È ancora, per larga parte, occupazione a tempo, precaria e magari sottopagata, ma c’è un dato interessante che - a distanza di tre lustri - si ripete in Sardegna. Come nel 2008, anche nel 2023 è l’occupazione femminile a trainare il mercato del lavoro. L’aumento del tasso di occupazione complessivo è infatti passato dal 52,9% al 54,3%, e mentre il tasso di occupazione maschile registra un calo, passando da 60,8% a 59,3%, la crescita dell’occupazione femminile è passata da 44,9% a 49,2%.

Niente di straordinario, ma è interessante la spinta che c’è sotto, la scelta delle ragazze e delle donne che sempre meno - anche quando non hanno un elevato livello di istruzione - si rassegnano a fare le casalinghe. Una tendenza messa in luce da un fenomeno contraltare, se così si può dire, e cioè l’affido sempre più frequente dei compiti di cura e assistenza familiare di disabili e anziani alle signore straniere.

Quindici anni fa, quando nell’Isola la crisi economica aveva già divorato 35mila posti di lavoro, un esercito di donne (30mila, era stata la stima fatta da Lilli Pruna, docente di sociologia del lavoro dell’Università di Cagliari), si era messo alla ricerca di un impiego per salvare il bilancio familiare.

È stato quello il momento dello scatto in avanti del lavoro femminile in Sardegna. Uno scatto coinciso con l’emersione di un fenomeno registrato solo nella nostra regione, quando cioè le badanti regolarmente assicurate passarono dalle 1.602 del 2006 alle 2.785 del 2008, a ben 10.507 nel 2010. Lavoratrici sarde, caso anomalo già allora nel panorama nazionale, e che ancora oggi si registra visto che l’81,9% delle occupate sono residenti, mentre in tutte le altre regioni i servizi alla persona sono affidati quasi esclusivamente a badanti straniere.

Oggi nell’Isola le badanti sono oltre 33mila (dieci anni fa, 22mila), una media di 27,3 ogni 100 anziani (un rapporto ben più elevato che in qualunque altra regione). Un lavoro duro e con una paga non adeguata (chi è in regola ha uno stipendio medio di 1.200 euro, chi non lo è può spuntare al massimo 8 euro a ora); condizioni di fronte alle quali, tuttavia - tra occupazione emersa e lavoro nero - le donne sarde non si tirano indietro, ma sono sempre di meno.

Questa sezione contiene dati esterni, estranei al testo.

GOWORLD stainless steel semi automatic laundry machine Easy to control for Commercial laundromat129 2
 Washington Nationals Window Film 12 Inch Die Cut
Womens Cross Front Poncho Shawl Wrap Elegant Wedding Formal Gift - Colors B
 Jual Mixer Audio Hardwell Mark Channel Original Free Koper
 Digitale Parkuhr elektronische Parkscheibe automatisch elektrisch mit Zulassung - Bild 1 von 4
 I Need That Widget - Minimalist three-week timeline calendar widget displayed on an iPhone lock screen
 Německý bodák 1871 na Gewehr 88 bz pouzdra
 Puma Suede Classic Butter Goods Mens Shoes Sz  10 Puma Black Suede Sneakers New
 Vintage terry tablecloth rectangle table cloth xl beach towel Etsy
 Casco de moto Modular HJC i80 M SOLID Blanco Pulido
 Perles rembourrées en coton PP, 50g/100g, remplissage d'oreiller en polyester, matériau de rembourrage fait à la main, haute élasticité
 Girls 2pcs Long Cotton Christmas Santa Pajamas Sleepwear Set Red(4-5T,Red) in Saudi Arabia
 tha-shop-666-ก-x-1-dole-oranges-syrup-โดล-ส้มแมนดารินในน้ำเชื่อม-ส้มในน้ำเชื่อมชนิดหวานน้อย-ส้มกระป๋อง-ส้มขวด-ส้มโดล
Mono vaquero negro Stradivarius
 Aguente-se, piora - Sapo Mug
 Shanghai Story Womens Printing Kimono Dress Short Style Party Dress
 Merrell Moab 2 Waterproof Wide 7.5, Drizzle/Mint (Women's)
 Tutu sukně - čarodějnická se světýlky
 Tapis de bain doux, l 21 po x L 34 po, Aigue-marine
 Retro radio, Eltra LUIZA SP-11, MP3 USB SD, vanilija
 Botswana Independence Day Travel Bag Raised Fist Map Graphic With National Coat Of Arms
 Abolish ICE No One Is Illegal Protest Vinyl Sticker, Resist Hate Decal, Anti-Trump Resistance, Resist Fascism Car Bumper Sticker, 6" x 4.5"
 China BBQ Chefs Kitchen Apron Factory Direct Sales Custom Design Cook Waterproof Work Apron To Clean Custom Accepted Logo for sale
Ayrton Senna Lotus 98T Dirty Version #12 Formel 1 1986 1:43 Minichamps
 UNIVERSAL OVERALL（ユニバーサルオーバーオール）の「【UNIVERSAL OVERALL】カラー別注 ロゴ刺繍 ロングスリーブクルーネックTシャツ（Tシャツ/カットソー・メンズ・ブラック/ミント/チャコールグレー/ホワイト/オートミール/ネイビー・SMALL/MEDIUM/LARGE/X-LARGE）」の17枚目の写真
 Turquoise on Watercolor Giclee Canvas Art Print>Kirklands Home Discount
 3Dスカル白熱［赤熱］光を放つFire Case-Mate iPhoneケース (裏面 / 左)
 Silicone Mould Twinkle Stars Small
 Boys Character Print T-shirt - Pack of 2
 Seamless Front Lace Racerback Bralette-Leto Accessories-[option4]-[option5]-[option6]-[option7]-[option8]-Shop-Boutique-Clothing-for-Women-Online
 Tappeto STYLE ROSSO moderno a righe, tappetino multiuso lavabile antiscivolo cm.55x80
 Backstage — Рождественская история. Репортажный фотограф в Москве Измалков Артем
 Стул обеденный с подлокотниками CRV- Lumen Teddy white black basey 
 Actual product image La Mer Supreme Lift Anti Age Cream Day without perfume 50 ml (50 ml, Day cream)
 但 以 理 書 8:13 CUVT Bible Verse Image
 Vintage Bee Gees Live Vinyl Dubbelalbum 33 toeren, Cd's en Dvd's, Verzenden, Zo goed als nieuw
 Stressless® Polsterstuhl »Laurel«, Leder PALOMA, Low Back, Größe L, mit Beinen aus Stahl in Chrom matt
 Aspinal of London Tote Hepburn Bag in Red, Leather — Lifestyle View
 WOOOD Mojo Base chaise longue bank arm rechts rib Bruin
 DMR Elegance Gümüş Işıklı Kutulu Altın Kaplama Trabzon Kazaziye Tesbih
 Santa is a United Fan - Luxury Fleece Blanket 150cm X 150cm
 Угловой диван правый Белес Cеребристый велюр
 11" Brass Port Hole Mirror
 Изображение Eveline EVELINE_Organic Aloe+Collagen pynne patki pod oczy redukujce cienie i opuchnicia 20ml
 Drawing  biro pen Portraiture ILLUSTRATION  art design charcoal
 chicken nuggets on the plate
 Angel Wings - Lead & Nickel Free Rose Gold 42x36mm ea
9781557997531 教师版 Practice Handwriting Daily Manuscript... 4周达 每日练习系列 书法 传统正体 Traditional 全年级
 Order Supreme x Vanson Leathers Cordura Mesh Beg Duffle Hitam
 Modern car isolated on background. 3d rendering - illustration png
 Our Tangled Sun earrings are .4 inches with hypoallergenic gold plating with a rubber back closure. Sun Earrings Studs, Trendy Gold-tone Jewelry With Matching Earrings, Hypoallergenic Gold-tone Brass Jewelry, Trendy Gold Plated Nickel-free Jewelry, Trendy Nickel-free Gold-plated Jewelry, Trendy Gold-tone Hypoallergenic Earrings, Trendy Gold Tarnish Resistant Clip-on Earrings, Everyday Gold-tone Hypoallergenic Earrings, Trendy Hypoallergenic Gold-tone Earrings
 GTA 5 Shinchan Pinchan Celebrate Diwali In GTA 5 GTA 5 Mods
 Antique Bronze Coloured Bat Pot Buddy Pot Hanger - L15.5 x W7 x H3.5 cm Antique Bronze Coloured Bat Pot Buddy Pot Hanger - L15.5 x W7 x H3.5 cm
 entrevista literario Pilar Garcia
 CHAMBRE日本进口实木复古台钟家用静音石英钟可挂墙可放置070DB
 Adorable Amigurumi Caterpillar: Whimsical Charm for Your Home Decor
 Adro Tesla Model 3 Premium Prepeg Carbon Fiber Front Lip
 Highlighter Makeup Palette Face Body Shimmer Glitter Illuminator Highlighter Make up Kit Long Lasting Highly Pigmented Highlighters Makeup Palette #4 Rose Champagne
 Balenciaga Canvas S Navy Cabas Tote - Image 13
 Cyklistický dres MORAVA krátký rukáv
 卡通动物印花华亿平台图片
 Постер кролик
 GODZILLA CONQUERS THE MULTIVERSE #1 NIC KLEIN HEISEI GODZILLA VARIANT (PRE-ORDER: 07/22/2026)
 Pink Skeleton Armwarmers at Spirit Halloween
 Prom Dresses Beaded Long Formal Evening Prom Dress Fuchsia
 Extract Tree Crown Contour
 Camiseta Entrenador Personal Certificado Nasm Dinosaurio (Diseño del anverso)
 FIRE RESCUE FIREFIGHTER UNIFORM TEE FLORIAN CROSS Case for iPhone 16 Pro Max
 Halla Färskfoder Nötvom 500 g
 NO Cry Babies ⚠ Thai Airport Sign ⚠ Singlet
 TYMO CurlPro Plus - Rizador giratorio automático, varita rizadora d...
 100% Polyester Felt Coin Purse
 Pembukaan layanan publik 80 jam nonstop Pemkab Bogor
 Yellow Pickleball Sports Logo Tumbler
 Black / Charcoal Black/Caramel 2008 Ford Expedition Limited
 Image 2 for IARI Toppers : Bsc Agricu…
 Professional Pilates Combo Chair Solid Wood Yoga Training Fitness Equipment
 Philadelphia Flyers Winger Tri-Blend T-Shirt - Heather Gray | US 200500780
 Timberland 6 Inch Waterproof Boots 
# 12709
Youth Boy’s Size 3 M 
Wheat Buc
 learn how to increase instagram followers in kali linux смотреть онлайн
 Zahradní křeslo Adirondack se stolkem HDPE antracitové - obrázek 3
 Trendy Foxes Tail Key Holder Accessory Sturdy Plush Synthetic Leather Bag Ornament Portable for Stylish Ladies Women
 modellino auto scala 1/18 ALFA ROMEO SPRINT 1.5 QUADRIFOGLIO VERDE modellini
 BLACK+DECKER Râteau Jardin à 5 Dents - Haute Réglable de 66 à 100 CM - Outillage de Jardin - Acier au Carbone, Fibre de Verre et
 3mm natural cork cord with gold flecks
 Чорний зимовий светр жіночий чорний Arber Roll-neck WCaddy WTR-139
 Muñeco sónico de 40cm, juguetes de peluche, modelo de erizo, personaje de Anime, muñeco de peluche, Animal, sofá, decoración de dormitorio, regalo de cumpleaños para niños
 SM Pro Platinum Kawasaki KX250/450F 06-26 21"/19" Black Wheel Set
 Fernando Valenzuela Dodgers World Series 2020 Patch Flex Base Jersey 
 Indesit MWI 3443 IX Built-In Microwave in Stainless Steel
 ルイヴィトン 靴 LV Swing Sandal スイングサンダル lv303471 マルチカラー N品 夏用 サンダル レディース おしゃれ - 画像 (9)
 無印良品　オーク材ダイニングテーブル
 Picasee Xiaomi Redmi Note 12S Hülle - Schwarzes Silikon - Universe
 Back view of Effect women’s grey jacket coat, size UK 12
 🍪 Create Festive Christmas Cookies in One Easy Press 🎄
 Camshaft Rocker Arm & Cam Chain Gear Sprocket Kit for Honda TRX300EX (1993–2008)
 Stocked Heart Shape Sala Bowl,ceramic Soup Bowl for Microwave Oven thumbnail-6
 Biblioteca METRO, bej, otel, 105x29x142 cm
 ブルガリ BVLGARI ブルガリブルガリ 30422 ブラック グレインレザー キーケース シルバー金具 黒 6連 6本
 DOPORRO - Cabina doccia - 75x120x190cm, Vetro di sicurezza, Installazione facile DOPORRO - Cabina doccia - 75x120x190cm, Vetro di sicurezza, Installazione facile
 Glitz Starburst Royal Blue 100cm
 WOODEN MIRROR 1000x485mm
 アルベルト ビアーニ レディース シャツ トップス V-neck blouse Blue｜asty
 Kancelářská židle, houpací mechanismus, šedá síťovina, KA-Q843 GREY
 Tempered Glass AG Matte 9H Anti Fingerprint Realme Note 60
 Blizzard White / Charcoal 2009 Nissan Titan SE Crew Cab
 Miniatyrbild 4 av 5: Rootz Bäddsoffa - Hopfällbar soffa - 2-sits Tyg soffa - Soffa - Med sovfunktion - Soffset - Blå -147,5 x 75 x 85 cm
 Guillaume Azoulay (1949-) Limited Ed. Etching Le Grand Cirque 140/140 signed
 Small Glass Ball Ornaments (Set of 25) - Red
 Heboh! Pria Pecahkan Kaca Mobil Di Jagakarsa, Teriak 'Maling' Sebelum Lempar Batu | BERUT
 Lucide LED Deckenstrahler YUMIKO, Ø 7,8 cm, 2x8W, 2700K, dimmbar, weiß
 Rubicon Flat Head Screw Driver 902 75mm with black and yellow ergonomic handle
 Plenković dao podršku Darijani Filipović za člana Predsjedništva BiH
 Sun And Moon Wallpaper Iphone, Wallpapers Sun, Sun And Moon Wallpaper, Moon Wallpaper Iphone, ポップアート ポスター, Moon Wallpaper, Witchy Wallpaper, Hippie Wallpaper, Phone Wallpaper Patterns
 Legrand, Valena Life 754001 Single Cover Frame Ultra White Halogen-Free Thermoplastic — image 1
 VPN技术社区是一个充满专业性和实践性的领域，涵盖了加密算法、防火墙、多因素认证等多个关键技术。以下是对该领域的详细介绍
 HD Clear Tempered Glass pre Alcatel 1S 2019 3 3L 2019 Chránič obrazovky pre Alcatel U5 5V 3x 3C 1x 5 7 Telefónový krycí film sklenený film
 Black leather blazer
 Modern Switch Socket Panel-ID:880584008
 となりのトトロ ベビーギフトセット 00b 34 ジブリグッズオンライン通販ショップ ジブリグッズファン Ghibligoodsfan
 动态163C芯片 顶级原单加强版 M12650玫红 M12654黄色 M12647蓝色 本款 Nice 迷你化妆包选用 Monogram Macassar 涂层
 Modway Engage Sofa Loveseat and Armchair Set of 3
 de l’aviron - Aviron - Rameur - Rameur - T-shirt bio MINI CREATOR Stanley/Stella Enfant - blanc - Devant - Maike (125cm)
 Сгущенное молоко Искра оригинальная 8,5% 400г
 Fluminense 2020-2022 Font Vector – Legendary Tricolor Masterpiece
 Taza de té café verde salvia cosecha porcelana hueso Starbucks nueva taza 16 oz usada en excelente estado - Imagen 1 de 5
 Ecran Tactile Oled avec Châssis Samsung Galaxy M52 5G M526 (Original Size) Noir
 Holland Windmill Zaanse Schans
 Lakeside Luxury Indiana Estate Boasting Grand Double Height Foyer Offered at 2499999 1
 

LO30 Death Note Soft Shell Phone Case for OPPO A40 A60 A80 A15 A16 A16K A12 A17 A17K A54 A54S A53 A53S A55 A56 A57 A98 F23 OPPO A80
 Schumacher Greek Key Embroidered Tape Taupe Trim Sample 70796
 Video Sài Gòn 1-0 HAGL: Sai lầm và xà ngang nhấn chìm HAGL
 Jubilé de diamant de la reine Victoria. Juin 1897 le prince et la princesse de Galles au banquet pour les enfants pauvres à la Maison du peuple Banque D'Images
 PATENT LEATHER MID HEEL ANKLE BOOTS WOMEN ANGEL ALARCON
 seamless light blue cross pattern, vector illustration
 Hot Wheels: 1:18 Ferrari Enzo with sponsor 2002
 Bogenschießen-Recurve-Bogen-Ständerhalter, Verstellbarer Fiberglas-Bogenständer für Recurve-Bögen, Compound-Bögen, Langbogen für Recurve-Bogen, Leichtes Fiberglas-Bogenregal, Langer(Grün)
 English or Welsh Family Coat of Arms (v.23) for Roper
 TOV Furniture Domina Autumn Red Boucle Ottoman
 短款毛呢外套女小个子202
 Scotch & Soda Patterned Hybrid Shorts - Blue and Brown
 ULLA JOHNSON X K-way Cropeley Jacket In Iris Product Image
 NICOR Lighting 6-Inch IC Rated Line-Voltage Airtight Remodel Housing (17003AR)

Ebbene, è proprio accendendo un faro sull’occupazione nell’ambito dell’assistenza familiare, che anche in Sardegna i sindacati cominciano a registrare l’aumento della quota di lavoratrici straniere, migranti arrivate perlopiù dalla Romania. Un dato speculare all'incremento del tasso generale di occupazione femminile passato appunto dal 44,9% al 49,2% in generale, mentre le laureate occupate sono il 72,6% e le diplomate il 51%. Un fenomeno confermato da Nella Milazzo, segretaria Filcams-Cgil. «La crescita dell’occupazione femminile è in lieve aumento, e sempre di più dunque, visto il mancato sostegno di un adeguato welfare sociale, le donne sono costrette a delegare la cura dei figli o degli anziani, compiti che gli uomini ancora oggi non supportano». Per questo cresce in contemporanea anche il numero delle badanti e delle collaboratrici domestiche straniere, ragazze e signore che cominciano a prendere il posto lasciato dalle colleghe sarde decise, anche quando sono poco qualificate, a cercare lavoro in altri settori. «Una spinta interessante, ma la nota dolente è che la maggior parte di queste donne hanno trovato e trovano un lavoro precario, soprattutto nella ristorazione, nel turismo, in generale nei servizi». Settori, soprattutto sul versante del lavoro femminile, che impegnano non poco i sindacati. Così come il settore dell’assistenza e della cura familiare, l’occupazione di badanti (e colf in misura minore) spesso in nero anche se, negli ultimi dieci anni, le lavoratrici con regolare contratto sono 11mila in più.

«Gli interventi regionali che incentivano la risposta familiare ai bisogni di cura hanno senz’altro favorito le assunzioni con regolare contratto, ma la percentuale del lavoro nero è ancora alta», sottolinea Nella Milazzo. Si tratta delle misure di sostegno alle persone non autosufficienti: la legge 162, i piani personalizzati, i programmi Ritornare a casa. Misure che, tuttavia, non bastano. «Non bastano a coprire tutte le necessità, e le condizioni economiche di molte famiglie non consentono ancora di assumere regolarmente una badante».